The US launches a green transition program for the Global South


The United States on Wednesday launched a partnership with private funds aimed at supporting renewable energy transitions in developing countries, based on a carbon credit scheme criticized by climate activists.

The government program, launched at the COP27 climate conference in Egypt along with the Bezos Earth Fund and the Rockefeller Foundation, would help emerging economies attract finance “to support their clean energy transition,” Washington said.

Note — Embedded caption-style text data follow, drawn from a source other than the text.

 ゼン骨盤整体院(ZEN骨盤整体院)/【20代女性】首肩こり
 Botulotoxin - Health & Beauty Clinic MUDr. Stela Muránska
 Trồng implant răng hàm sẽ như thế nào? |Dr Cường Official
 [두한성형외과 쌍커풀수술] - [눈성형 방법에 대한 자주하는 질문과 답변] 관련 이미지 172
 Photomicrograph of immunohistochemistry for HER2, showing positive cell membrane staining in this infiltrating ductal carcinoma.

Companies like Microsoft and Pepsi that have expressed interest in the plan would invest in renewable energy projects, which would allow countries to demonstrate reductions in greenhouse gas emissions that could then be sold back to those companies as carbon credits.

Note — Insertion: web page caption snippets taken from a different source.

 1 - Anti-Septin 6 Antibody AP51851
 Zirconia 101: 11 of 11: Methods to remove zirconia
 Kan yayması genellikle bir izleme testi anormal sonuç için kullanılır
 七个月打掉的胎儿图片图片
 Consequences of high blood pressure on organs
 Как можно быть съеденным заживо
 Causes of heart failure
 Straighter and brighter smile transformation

“Our intention is to leverage the carbon market to deploy capital … to accelerate the transition from dirty to clean energy,” said US Climate Commissioner John Kerry, promising “safeguards” against greenwashing.

Kerry said he hoped the project, which Chile and Nigeria could already join, would get underway within a year.

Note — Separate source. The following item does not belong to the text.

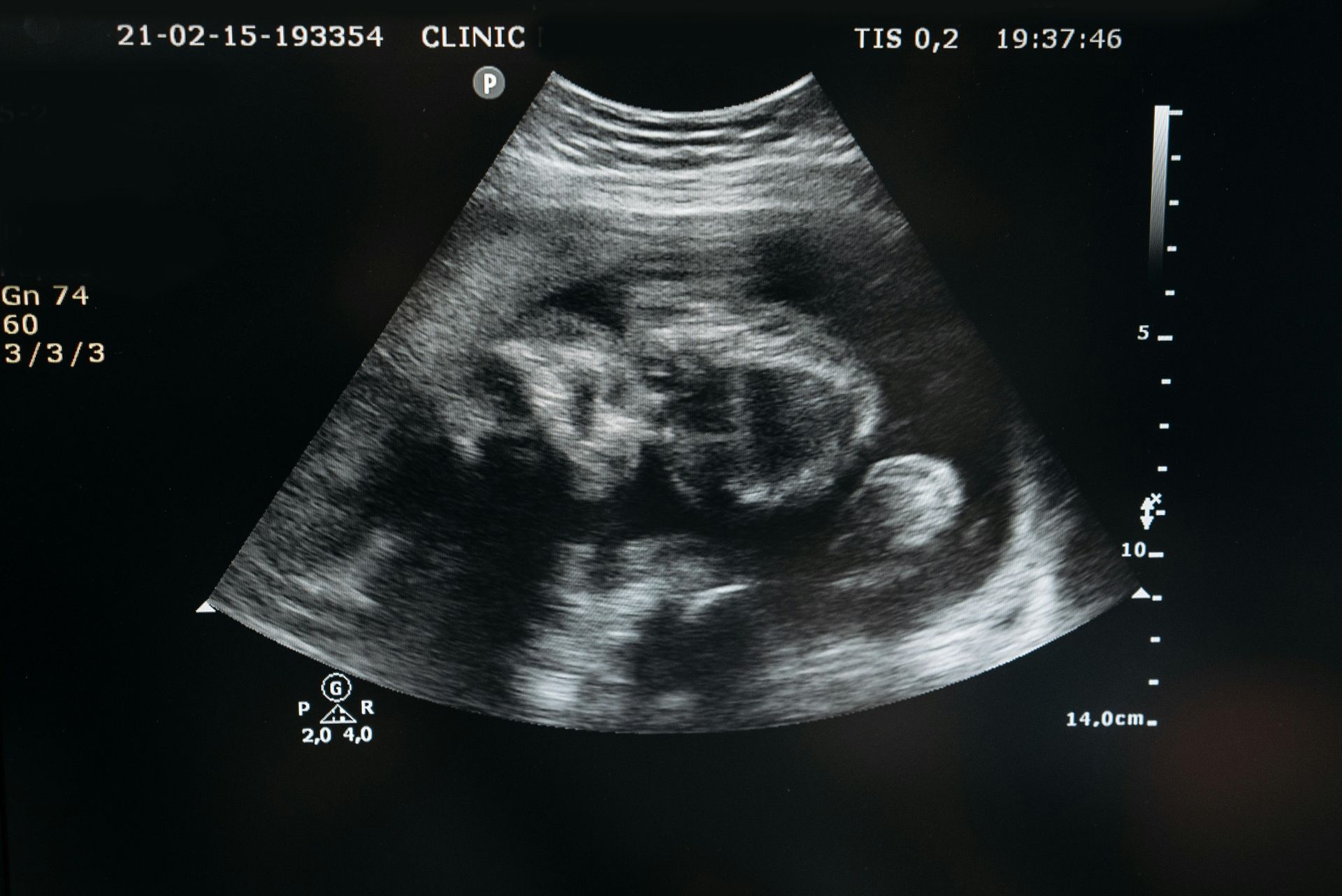 fetal development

Climate activists have criticized the US program, which was launched a day after a UN panel of experts found that carbon credits should not be used to “offset” emissions, rather than actually reducing them.

– “Accounting Trick” –

The Earth has warmed by an average of nearly 1.2 degrees Celsius since pre-industrial times, provoking an accelerating onslaught of climate change impacts such as storms, floods and heat waves.

As part of the Paris Climate Agreement, countries have agreed to limit warming to well below 2°C, preferably 1.5°C.

That more ambitious target requires halving global emissions by 2030 and reducing them to net zero by mid-century, according to scientists.

“We need to see deep emissions cuts in both the Global North and South – not rich polluting companies in the North paying for the privilege of further destroying the planet,” said Mohamed Adow of think tank Power Shift Africa.

“These carbon offsets are an accounting trick that creates loopholes for polluters to continue polluting the environment.”

Harjeet Singh of the Climate Action Network told AFP that similar programs have not helped reduce emissions in the past.

The UN expert report said some offsets could be effective, like supporting the energy transition in developing countries – but stressed that this should only be an additional measure after companies reduce their own emissions.

Kerry acknowledged that previous abuses of carbon credits had “discredited” these instruments in the eyes of many.

He said the program is only open to companies willing to commit to short-term reduction targets as well.

“We believe that past mistakes shouldn’t stop us from using a powerful tool to direct private capital to where it’s needed most.”

Angela Churie Kallhauge of the US-based nonprofit Environmental Defense Fund said the program could help drive the energy transition.